Délégation de pouvoirs et décision de licencier
A - Le 24 juin 2008, la Cour d'appel de
Versailles a rendu deux arrêts sur cette question, d'où l'on peut
extraire les solutions suivantes :
a)
La notification du licenciement (lettre motivée dans les
termes de l'article L. 1232-6 du Nouveau Code du travail) doit émaner
de l'employeur ou de son représentant ayant reçu délégation à cet effet.

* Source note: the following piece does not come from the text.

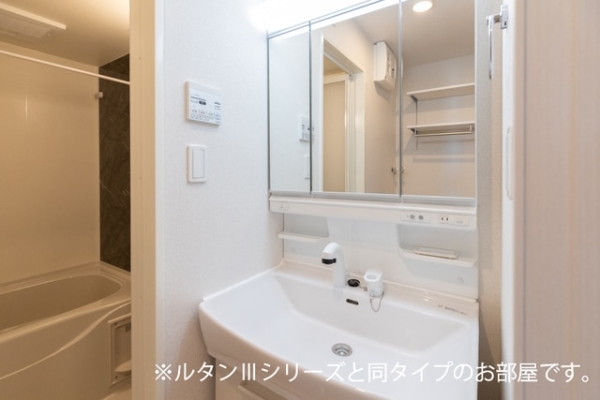 洗面設備　※参考写真　同建築メーカー施工の同間取完成他物件のものです。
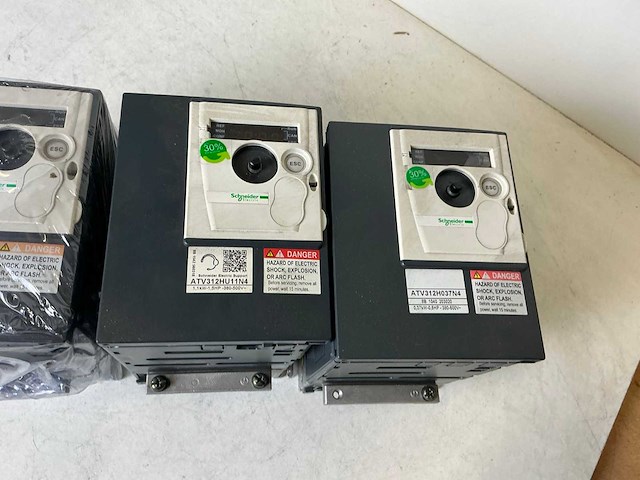 Schneider atv312 frequentieregelaar (3x) - afbeelding 3 van  7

b) Lorsque la forme sociale de la société employeur est la
société par actions simplifiée (SAS) le seul organe imposé par la loi
pour la représenter est son président. Mais rien n'interdit à ce
dernier de confier des pouvoirs qui lui sont propres à un directeur
général conformément à l'article L. 227-6 du Code du commerce. (1er et
2ème arrêt)
Il en résulte qu'un salarié licencié ne peut arguer du défaut de
qualité du signataire de la lettre (par application de la solution
rappelée en a) pour faire constater l'irrégularité du licenciement, dès
lors que le directeur général qui, en vertu des statuts de la société,
disposait des mêmes pouvoirs de direction que le président a, par
subdélégation régulière, donné pouvoir au directeur de l'établissement,
auquel était affecté le salarié, de gérer et de contrôler les
collaborateurs travaillant sous ses ordres. (1er arrêt)

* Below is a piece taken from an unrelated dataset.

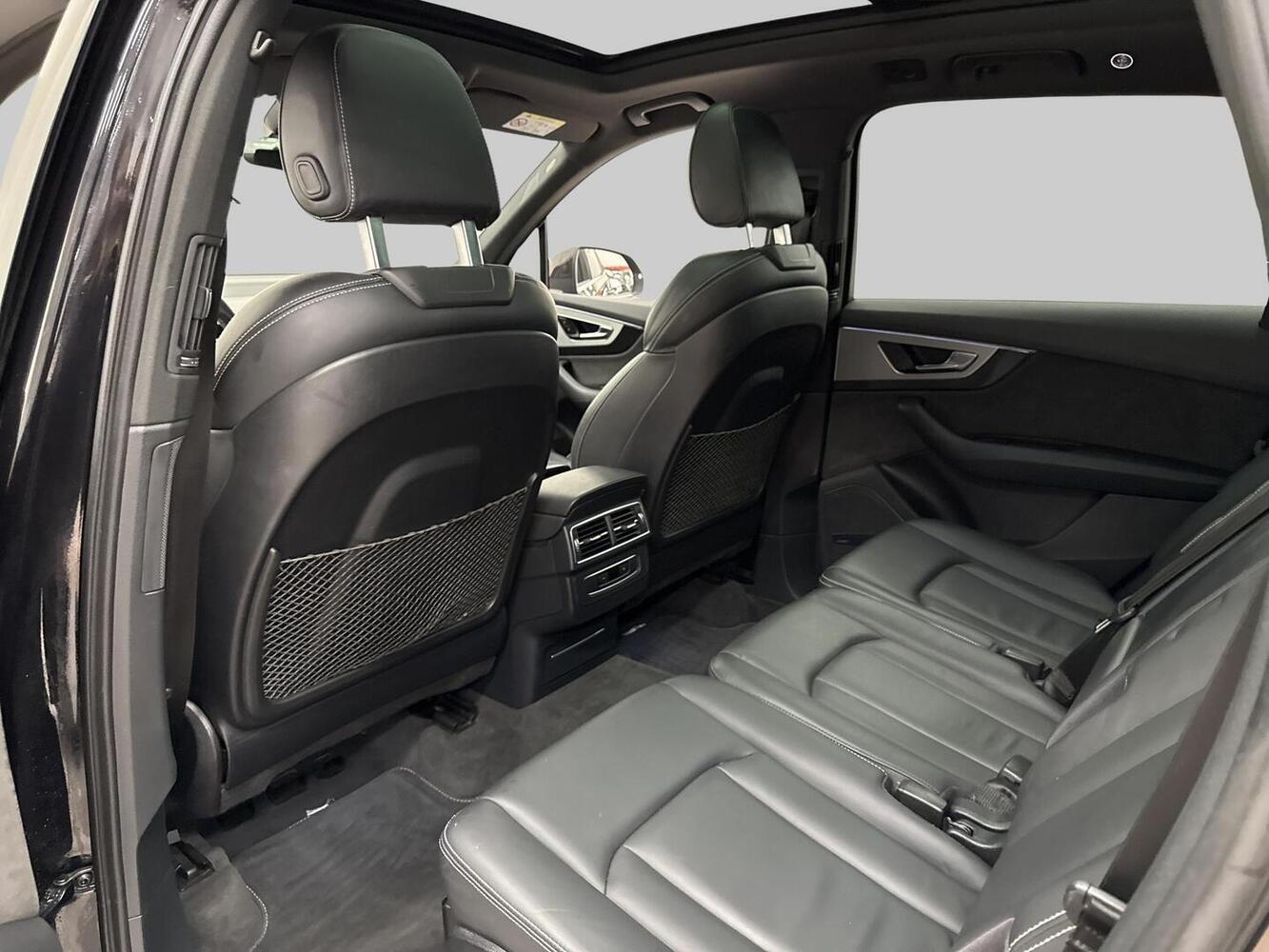 Audi Q7 vaihtoauto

c) En revanche le défaut de qualité pour signer la lettre de
licenciement emporte défaut de validité de cette formalité
substantielle de la procédure et absence de toute lettre de
licenciement, dont le motif n'est alors pas énoncé, sans possibilité de
régularisation ultérieure. (2ème arrêt)
Il en résulte qu'est dépourvu de cause réelle et sérieuse le
licenciement notifié par lettre signée d'un directeur général d'une SAS
venant, le jour même du prononcé du licenciement, de perdre ses
fonctions de représentant légal de la société, dès lors que ses
décisions (prises es qualité de directeur général) étaient limitées en
matière de licenciement et subordonnées à l'accord du nouveau
président. La preuve de l'antériorité du pouvoir avant tout envoi de la
lettre n'étant ainsi par rapportée, aucune délégation de pouvoir au
sens de l'article L. 227-6 précité ne pouvait être retenue au bénéfice
du signataire de la lettre de licenciement./ (2ème arrêt)
B - C'est, à notre connaissance, la première fois que le juge social se
prononce de façon aussi précise sur les rapports entre la mise en
oeuvre d'une procédure de licenciement et l'exigence d'une délégation
de pouvoirs incluant cette prérogative de grande importance dont le
point culminant correspond à la notification de la rupture (v. déjà
Cass. soc. 2 avril 1992 RJS 5/92 n° 602 et soc. 26 mars 2002 RJS 6/02
n° 669 excluant la possibilité de donner mandat à un tiers pour
procéder à l'entretien et notifier la rupture, étant précisé que ne
doit pas être considéré comme tel le DRH groupe engagé par la société
mère pour exercer ses fonctions au sein de la société et de ses
filiales Cass. soc. 19 janvier 2005 Dr. Soc. 2005 p 475 BCV n° 10).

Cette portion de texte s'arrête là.